REQUIRED WORK. Take the line with "this 640×480 image." and every line after it in the entries below, and set them down exactly, without any pictures.

THE RECORDS.
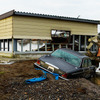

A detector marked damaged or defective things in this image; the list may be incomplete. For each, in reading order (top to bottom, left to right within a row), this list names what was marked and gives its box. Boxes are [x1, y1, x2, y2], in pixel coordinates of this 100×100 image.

damaged building [0, 9, 99, 57]
overturned car [34, 48, 95, 79]
crushed car body [34, 48, 95, 79]
shattered glass window [51, 49, 81, 67]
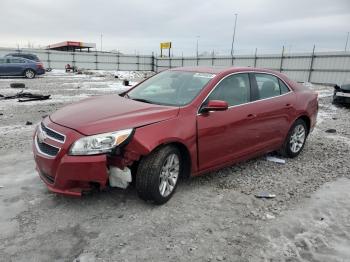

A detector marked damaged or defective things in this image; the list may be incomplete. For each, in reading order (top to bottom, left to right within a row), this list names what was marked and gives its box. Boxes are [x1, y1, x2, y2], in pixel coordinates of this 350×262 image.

crushed front bumper [33, 117, 109, 195]
broken headlight [69, 129, 133, 156]
crumpled hood [50, 94, 179, 135]
damaged red sedan [32, 66, 318, 204]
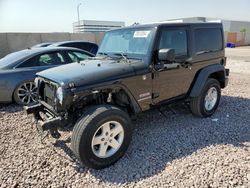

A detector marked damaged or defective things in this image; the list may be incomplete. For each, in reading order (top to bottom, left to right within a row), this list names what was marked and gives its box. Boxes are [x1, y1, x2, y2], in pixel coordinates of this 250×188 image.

damaged front bumper [24, 103, 65, 138]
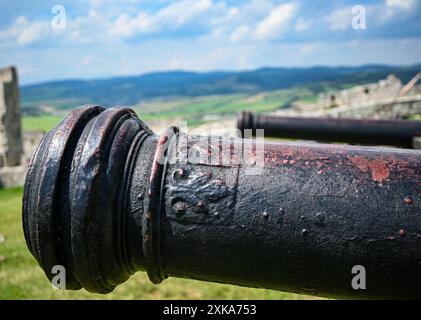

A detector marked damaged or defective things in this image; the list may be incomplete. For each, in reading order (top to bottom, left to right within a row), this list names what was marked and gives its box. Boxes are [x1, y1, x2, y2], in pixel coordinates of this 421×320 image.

rusty metal surface [238, 110, 420, 148]
rust patch [346, 156, 388, 184]
red rust stain [348, 156, 390, 184]
rusty metal surface [23, 104, 421, 298]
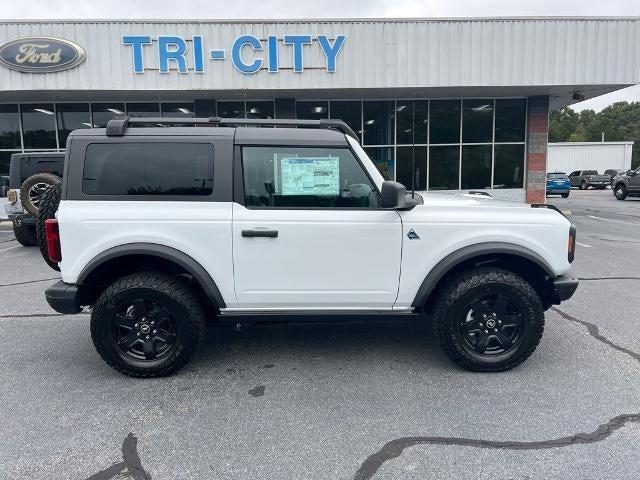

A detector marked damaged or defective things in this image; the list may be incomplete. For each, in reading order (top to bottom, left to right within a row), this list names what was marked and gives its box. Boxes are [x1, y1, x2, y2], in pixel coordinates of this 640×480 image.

pavement crack [552, 308, 636, 360]
pavement crack [86, 434, 151, 478]
pavement crack [356, 412, 640, 480]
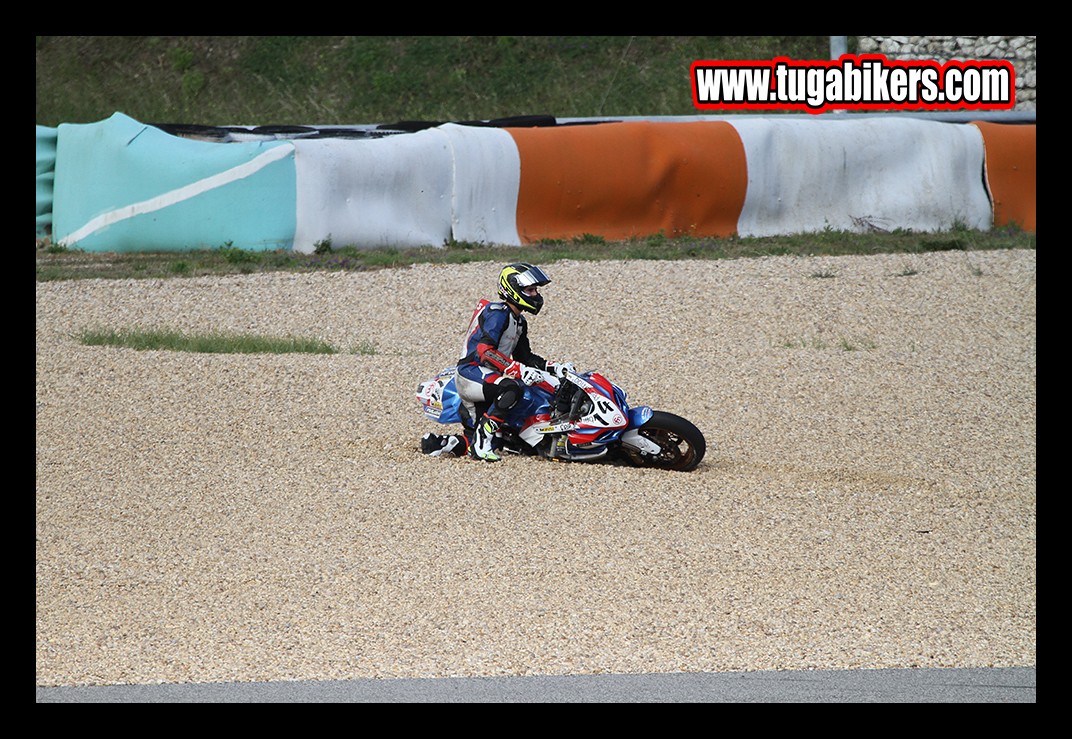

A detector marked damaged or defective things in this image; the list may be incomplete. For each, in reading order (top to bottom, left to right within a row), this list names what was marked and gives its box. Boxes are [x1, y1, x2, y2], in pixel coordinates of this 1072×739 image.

crashed racing motorcycle [414, 366, 708, 474]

SOLUTION FOR THIS PROBLEM.
A detector marked damaged or defective things in this image; the list may be incomplete. For each, in reading order (top to bottom, left to right within a row), this list names what was marked and gives its box. Boxes are [x1, y1, x2, y2], in pixel coordinates of this 640×480 image.

pavement crack [552, 308, 636, 360]
pavement crack [86, 434, 151, 478]
pavement crack [356, 412, 640, 480]

A detector marked damaged or defective things in this image; the list may be incomplete. For each, in reading order (top to bottom, left to right within a row), this list names what was marked and gives its box. Boxes are [x1, y1, x2, y2], in pixel coordinates of this 1072×739 image.

crashed racing motorcycle [414, 366, 708, 474]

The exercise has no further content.